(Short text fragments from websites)
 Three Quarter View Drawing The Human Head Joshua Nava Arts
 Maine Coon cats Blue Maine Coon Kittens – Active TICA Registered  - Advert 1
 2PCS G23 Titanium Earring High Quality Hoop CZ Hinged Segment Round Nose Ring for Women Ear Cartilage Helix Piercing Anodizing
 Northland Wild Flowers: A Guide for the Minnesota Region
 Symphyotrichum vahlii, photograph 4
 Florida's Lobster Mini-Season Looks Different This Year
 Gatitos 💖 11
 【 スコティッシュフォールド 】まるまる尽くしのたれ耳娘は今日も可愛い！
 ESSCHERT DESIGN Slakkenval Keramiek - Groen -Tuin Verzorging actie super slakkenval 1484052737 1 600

» **WHAT THIS TASK INVOLVES**
Exactly the lines from the one containing "Symphyotrichum vahlii, photograph 4" through the end of the entries above must be output, and no others.

» **YOUR RESPONSE**
 Symphyotrichum vahlii, photograph 4
 Florida's Lobster Mini-Season Looks Different This Year
 Gatitos 💖 11
 【 スコティッシュフォールド 】まるまる尽くしのたれ耳娘は今日も可愛い！
 ESSCHERT DESIGN Slakkenval Keramiek - Groen -Tuin Verzorging actie super slakkenval 1484052737 1 600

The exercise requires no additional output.